- Moloney in 2026

Personal information
- Born: 29 March 1995 (age 31)
- Original team: University of Queensland (QWAFL)
- Draft: No. 75, 2019 AFL Women's draft
- Debut: Round 1, 2020, Brisbane vs. Adelaide, at Hickey Park
- Height: 165 cm (5 ft 5 in)
- Position: Midfielder

Club information
- Current club: Port Adelaide
- Number: 9

Playing career^{1}
- Years: Club / Games (Goals)
- 2020–2022 (S6): Brisbane / 11 (2)
- 2022 (S7)–: Port Adelaide / 17 (2)
- Total:  / 28 (4)
- ^{1} Playing statistics correct to the end of the 2023 season.

= Maria Moloney =

Australian rules footballer

Maria Moloney (born 29 March 1995) is an Australian rules footballer playing for Port Adelaide in the AFL Women's competition (AFLW).

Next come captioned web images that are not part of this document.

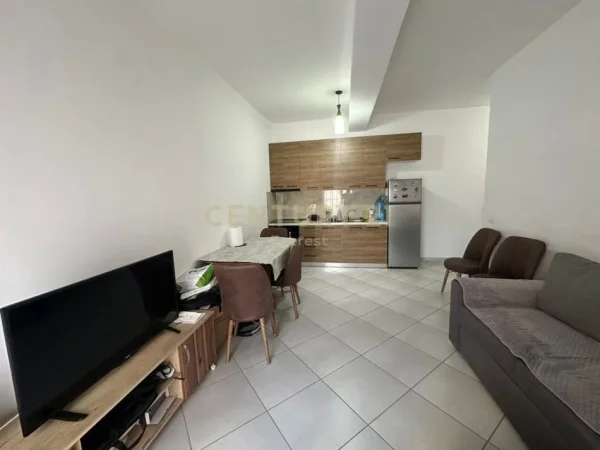 Tirane, shitet apartament 1+1+Ballkon Kati 3, 62 m² 116.000 € (brryl)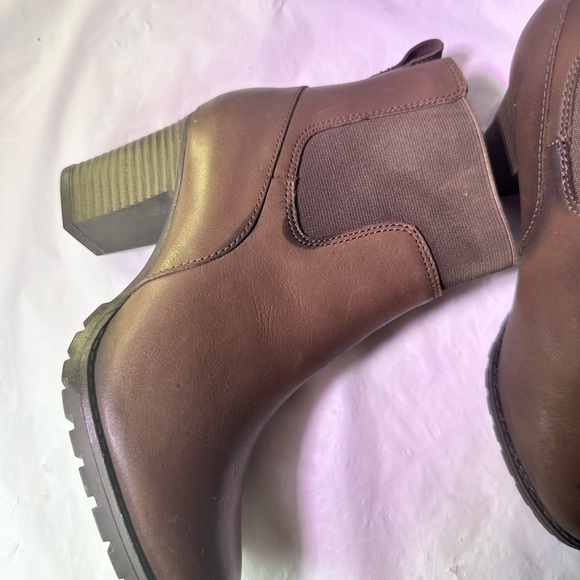 Clarks Dark Brown Heeled Boots - Picture 7 of 10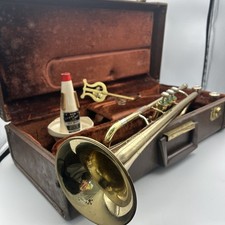 Vintage Olds Ambassador Trumpet Fullerton CA Brass w/ Case Serial 712476 MTB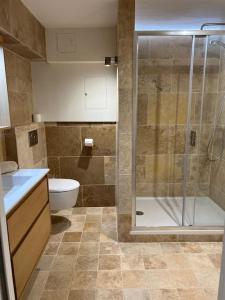 Maisons de vacances DREAM HOUSE in front of CHATEAU DE BEYNAC in Perigord , Dordogne : photos des chambres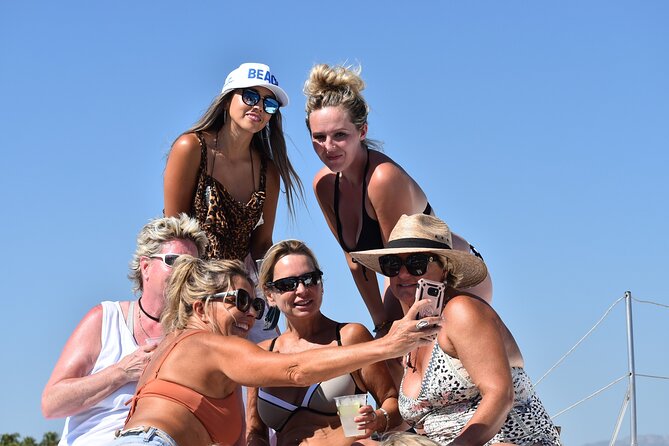 Cabo San Lucas Boat Tour with Snorkeling, Open Bar, and Lunch - The mood, group size, and onboard comfort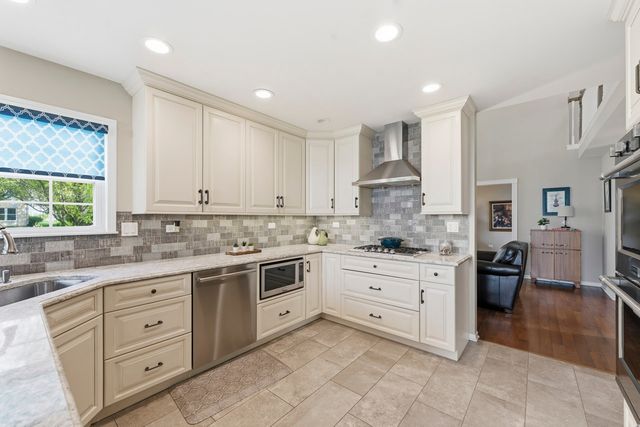 1455 Polo Drive, Bartlett, IL 60103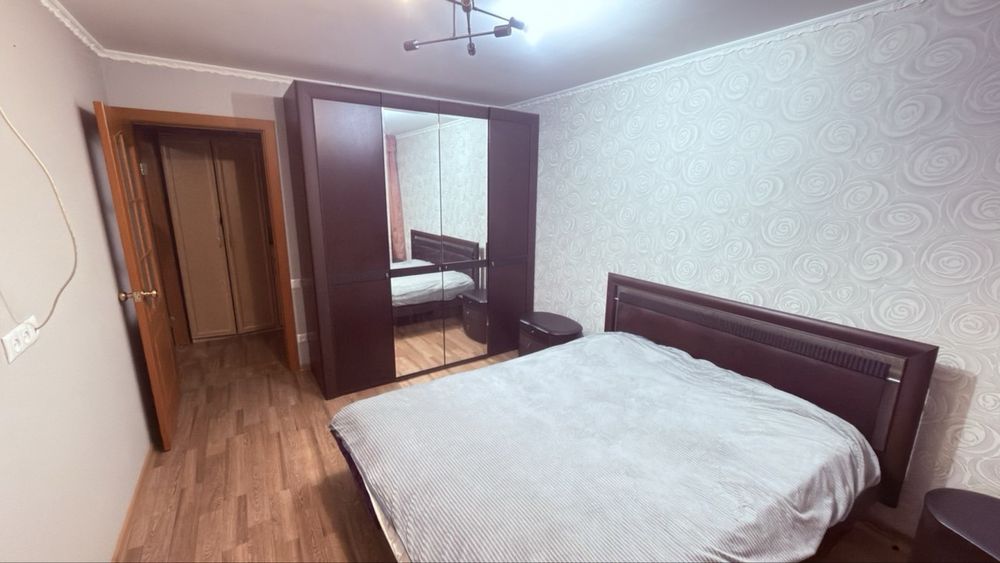 СРОЧНО!Продам 2 комнатную кв.  в 7мкр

She was playing for University of Queensland in the AFL Queensland Women's League when she was drafted by Brisbane with the 75th pick in the 2019 AFL Women's draft.

Moloney made her debut for Brisbane in their round 1 game against Adelaide at Hickey Park on 8 February 2020.

In May 2022, Moloney committed to join expansion side Port Adelaide.

Long-distance runner Virginia Moloney is her sister.